**Exercise input:**
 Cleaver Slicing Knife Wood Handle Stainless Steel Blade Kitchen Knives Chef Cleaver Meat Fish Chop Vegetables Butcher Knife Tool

---

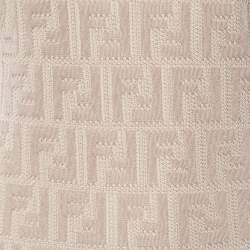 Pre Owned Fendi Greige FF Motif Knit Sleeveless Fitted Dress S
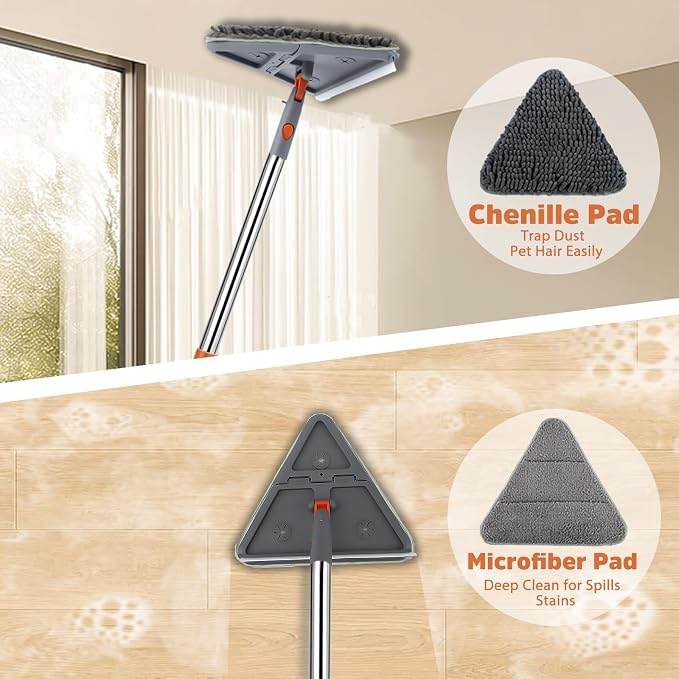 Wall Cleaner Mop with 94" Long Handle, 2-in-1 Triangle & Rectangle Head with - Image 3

**About this task:** For this exercise, return exactly the lines above from the line with "Pre Owned Fendi" through the line with "Wall Cleaner Mop", both included. Do not copy the pictures.

**Exercise response:**
 Pre Owned Fendi Greige FF Motif Knit Sleeveless Fitted Dress S
 Wall Cleaner Mop with 94" Long Handle, 2-in-1 Triangle & Rectangle Head with - Image 3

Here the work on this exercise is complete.